[Fedora-ia64-list] F8 for ia64 now available

Doug Chapman dchapman at redhat.com
Mon Dec 10 19:20:49 UTC 2007


I certainly understand your frustrations however we need to look
forward, not backward.  We have made great progress during the F8 cycle,
although I admit a lot of that progress may not be visible to the end
user, it has been more in the building of the releases and fixing a lot
of individual packages.  This is exactly what is needed in order to get
Fedora ia64 back on par with the other architectures.

While GUI installs may not work on some systems we do have usable bits
when installed in text mode.  The vast majority of ia64 servers have no
graphics head at all.  Also, keep in mind that we are still at the
developmental stage for Fedora-ia64.

Starting in a week or so I hope to start building the rawhide (fedora
development tree) builds, these will also include installable iso
images.  This is the right place to address these installation and
packaging issues.  There simply are not enough resources in our
relatively small Fedora-ia64 community to do both respins of Fedora 8
_and_ rawhide.

- Doug


On Mon, 2007-12-10 at 11:49 -0700, John L. Bass wrote:
> Doug writes:
> > I don't plan on rebuilding F8 iso images.  This would be better
> > addressed in the rawhide tree for F9.
> 
> I personally believe this is a mistake for several reasons.
> 
> 	1) The process that produced the iso's did not include a reasonable
> 	   first pass test cycle before they were frozen.
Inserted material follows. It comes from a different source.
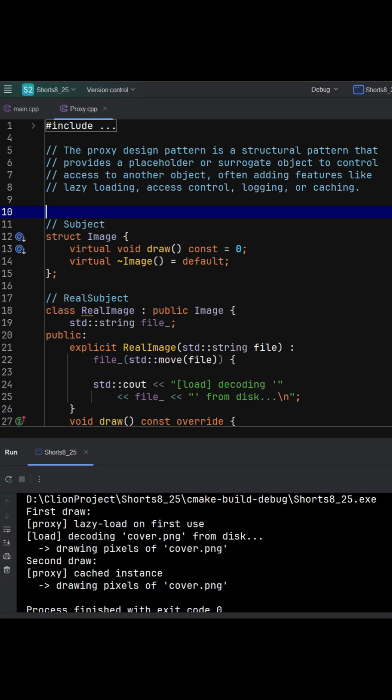A proxy is a stand-in that presents the same interface as a real object but controls access to it. In this code, image is the subject interface.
Leaving GUI installs
> 	   on SR870 reference platforms broken because of a simple packaging
> 	   error. Volunteer help for this testing prior to ia64 F8 iso general
> 	   release was available.
> 
> 	2) Fedora release cycle is 6 months, and given that Fedora ia64 bits
> 	   tend to follow general release by several weeks, it's likely that
> 	   potentially clean ia64 iso's are 4-5 months away.
> 
> 	3) At least on SR870 reference platforms, the last three iso's are
> 	   broken for GUI installs.
> 
> 	4) All of this reflects badly on Fedora ia64 in general.
> 
> Until such a time that Fedora adopts ia64 as a primary release, it's unlikely
> there will be clean packages for everything that is in the i386 tree. The
> accepted process in those trees is to only include new packages which build
> on supported platforms and are stable. Otherwise the next Fedora release contains
> the last stable release for that package.
> 
> Architectures which are not part of the main stream testing process should adopt
> a similar policy ... release with the last known stable version of a package, to
> have a complete release. Yes, this means there might be some small version skew
> between a mainstream Fedora release and the packages in a Fedora ia64 release.
> But the release will be complete in itself, and not crippled with omissions.